The global speculative default rate stayed flat in December, but is expected to resume its downward trajectory in the year ahead, says Moody’s Investors Service in a report published Wednesday.
Moody’s global default rate for speculative-grade securities finished the final quarter of 2017 at 2.9%, which was unchanged from the previous quarter. Looking ahead however, the firm says that the rate will decline below the 2% mark in 2018.

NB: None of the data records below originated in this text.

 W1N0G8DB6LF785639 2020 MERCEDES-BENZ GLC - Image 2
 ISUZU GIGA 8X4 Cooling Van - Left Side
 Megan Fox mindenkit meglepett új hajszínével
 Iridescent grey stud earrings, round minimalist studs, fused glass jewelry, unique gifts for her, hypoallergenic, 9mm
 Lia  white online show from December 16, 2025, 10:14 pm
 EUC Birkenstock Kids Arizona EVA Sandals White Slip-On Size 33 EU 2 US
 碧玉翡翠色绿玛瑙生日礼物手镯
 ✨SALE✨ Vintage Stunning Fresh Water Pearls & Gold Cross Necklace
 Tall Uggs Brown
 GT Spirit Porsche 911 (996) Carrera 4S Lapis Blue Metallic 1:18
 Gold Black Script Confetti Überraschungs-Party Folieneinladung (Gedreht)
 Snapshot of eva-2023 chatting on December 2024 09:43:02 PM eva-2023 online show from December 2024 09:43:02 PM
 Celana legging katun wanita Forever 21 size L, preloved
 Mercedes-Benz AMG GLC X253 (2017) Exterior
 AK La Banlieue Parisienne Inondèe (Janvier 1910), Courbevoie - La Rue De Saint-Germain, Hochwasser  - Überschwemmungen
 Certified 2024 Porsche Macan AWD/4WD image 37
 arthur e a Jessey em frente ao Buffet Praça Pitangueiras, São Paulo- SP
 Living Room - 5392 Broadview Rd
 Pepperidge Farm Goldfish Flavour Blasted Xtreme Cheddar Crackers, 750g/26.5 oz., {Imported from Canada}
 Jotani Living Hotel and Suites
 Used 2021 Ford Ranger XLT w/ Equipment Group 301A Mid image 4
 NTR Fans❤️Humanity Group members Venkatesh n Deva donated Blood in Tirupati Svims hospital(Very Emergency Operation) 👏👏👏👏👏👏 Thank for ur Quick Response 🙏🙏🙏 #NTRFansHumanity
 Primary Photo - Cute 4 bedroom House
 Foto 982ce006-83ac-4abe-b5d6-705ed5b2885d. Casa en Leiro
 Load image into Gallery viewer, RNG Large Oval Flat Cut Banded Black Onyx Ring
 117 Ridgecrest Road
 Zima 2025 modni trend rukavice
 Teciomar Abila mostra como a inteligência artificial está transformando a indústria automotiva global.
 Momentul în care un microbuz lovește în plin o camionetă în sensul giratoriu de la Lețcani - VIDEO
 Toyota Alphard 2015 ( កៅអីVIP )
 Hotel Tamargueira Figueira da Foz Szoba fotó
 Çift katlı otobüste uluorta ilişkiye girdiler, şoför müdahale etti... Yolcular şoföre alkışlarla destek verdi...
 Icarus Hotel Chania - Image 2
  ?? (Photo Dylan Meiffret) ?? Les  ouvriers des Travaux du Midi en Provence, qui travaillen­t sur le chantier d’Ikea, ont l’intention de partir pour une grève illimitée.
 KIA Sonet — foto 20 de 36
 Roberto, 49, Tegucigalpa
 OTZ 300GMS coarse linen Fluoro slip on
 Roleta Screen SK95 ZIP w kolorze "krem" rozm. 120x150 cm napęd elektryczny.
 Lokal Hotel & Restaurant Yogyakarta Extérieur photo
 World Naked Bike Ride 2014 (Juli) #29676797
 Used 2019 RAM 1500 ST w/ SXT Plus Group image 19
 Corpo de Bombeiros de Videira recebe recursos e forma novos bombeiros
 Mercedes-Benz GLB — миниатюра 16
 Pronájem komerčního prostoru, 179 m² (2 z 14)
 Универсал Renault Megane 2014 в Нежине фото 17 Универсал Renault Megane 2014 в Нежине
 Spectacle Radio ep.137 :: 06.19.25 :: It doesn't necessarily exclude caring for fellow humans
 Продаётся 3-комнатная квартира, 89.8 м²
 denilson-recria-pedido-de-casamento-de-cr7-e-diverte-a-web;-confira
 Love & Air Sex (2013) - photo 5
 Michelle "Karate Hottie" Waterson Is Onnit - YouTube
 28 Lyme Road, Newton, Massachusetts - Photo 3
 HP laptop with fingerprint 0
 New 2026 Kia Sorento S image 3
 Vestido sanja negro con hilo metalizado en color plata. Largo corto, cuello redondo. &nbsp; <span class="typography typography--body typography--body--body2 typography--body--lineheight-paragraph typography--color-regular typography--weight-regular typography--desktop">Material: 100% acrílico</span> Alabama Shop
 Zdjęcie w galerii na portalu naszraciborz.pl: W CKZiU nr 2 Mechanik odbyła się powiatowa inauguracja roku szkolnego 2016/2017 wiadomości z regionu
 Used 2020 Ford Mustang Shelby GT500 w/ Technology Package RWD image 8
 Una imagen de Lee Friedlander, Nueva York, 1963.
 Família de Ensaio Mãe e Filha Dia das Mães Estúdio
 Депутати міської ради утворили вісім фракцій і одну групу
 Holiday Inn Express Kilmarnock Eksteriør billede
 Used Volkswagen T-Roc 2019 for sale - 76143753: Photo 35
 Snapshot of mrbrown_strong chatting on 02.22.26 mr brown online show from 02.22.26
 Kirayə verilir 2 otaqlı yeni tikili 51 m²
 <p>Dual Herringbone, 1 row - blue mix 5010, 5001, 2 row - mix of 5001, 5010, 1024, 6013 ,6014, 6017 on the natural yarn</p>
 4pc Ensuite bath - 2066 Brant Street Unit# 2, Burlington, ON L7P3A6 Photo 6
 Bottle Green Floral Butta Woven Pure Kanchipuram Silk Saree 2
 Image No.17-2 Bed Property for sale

“Under our baseline scenario, we expect the global speculative-grade default rate to continue its downward path this year and to close it at 1.9%,” says Sharon Ou, vice president and senior credit officer at Moody’s, in a statement. “This forecast aligns to the pick-up in global economic momentum and narrow option-adjusted high-yield spreads and generally good liquidity and low refinancing risk among Moody’s-rated speculative-grade issuers.”
In 2017, Moody’s recorded a total of 90 defaults, down from 143 defaults in 2016. In the fourth quarter, 24 corporate issuers defaulted, which represents an increase from 15 defaults in the third quarter, but is still down from 29 defaults in the second quarter.
Oil and gas companies contributed nine of the fourth quarter defaults. Nevertheless, Moody’s says its analysts expect the default risk for US-based oil and gas firms to continue declining in 2018.
The firm is forecasting that the consumer durable goods sector will be the most troubled in the U.S. in 2018. In Europe, the media sector is likely to remain “the most challenged,” Moody’s says.
By the end of 2018, Moody’s is projecting a 2.4% default rate in the U.S., and just 1.2% for Europe.